(Saved entries)
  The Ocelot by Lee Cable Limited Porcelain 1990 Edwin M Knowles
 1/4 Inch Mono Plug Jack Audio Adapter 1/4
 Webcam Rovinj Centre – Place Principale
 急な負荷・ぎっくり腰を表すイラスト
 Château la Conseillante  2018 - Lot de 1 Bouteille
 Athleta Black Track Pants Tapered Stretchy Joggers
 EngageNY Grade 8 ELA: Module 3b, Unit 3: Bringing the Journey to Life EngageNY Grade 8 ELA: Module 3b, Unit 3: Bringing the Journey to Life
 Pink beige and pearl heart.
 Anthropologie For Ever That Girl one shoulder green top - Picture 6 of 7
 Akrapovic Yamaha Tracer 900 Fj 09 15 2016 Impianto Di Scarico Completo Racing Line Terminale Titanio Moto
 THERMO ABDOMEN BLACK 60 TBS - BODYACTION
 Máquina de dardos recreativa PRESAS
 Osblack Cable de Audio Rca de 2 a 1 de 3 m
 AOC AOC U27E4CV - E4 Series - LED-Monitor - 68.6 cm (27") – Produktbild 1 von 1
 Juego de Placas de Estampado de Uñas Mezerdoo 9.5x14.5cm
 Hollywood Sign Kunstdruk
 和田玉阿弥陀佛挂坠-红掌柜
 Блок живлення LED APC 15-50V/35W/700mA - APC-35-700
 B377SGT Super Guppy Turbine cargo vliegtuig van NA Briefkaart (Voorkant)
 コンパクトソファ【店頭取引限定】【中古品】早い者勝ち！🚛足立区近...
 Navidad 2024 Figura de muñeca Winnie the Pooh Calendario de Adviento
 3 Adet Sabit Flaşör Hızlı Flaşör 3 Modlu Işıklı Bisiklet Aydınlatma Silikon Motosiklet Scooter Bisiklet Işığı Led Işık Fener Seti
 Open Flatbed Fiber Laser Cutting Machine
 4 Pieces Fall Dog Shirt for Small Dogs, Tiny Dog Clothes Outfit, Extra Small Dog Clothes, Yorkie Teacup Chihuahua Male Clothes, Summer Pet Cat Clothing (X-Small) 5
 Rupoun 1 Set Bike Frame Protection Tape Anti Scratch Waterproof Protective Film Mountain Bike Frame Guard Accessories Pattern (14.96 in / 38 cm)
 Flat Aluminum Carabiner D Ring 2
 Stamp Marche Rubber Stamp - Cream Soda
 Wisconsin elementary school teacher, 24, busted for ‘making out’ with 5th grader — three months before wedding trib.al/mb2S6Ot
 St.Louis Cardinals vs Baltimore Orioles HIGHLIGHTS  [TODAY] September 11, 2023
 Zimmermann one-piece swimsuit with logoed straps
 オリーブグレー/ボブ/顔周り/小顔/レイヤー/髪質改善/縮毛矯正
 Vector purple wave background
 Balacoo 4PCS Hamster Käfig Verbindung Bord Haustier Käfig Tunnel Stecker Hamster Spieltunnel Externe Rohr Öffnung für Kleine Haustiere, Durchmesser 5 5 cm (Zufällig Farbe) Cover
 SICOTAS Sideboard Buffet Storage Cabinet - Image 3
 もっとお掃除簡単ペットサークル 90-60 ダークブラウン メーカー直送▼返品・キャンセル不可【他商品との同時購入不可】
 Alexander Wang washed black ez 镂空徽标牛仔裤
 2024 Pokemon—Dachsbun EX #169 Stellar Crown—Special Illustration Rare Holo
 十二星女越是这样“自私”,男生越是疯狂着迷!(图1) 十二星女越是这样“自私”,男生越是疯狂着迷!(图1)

→ WHAT IS EXPECTED:
The line containing "2024 Pokemon—Dachsbun EX" marks the start; retype it and each line after it through the end of the records above, exactly.

→ WRITTEN SOLUTION:
 2024 Pokemon—Dachsbun EX #169 Stellar Crown—Special Illustration Rare Holo
 十二星女越是这样“自私”,男生越是疯狂着迷!(图1) 十二星女越是这样“自私”,男生越是疯狂着迷!(图1)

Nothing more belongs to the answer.